For a time late Tuesday afternoon, protesters achieved their goal of
blocking access to and from the meeting hall for the opening session of the
three-day gathering. Delegates eventually left by special subway trains, but
evening plans for many were disrupted.
It was an empty victory for the protest's main organizers, who had called
for nonviolence from their followers.
The demonstrators--police put the number at up to 9,000--have vowed to halt
the meetings, continuing an anti-globalization drive that disrupted trade
talks in Seattle last year and prompted violence in London in May.
One thousand police officers were called in from other regions of the Czech
Republic on Saturday to supplement the already beefed-up force of 11,000
assembled to cope with the protests, authorities said.
Most of the protesters argue that the IMF and World Bank are worsening the
plight of the world's poor and should cancel debts owed by the neediest
nations. Others who have latched on to the movement and were largely
responsible for the violence go much further, charging that the capitalist
system is exploitative and should be destroyed.

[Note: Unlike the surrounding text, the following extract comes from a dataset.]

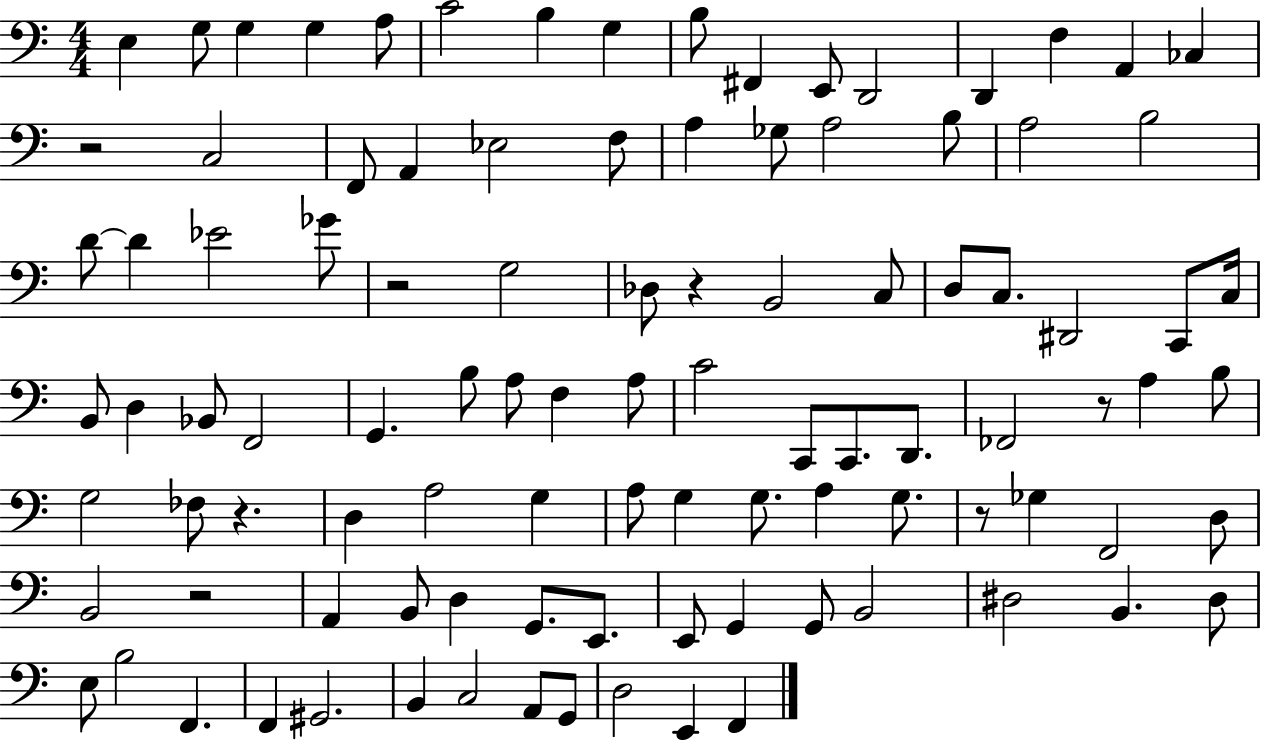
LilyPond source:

Police reported that by late evening, 51 officers and 18 protesters had
been hospitalized. Thirty-four people were arrested--11 Germans, two Poles and
21 Czechs. A Japanese delegate to the financial gathering was hit by a stone
but declined treatment, and a Russian delegate suffered a cut lip when hit by
a bag of sand, police said.
In one incident, police officers were hit by a homemade gasoline bomb, and
the flames were doused by colleagues wielding a water cannon. After dark,
protesters smashed windows at McDonald's and KFC outlets in the city center,
as well as many other buildings, and they set cars on fire.
A gala evening for delegates at an opera was canceled after protesters
surrounded the building.
Alice Dvorska, a Czech leader of the Initiative Against Economic
Globalization, or INPEG, said her umbrella organization for the protests
wanted to "disassociate" itself from the violence because it had "organized
only the march."
"We're actually very disappointed with everything today," said Chelsea
Mozen, 24, an American and INPEG spokeswoman. "We've been organizing
completely nonviolently, and we're very frustrated about what's happening on
the streets."
Reaction among Czechs appeared to be strongly in favor of the police, who
in most cases simply observed as protesters staged illegal but peaceful
demonstrations, yet acted firmly when violence erupted.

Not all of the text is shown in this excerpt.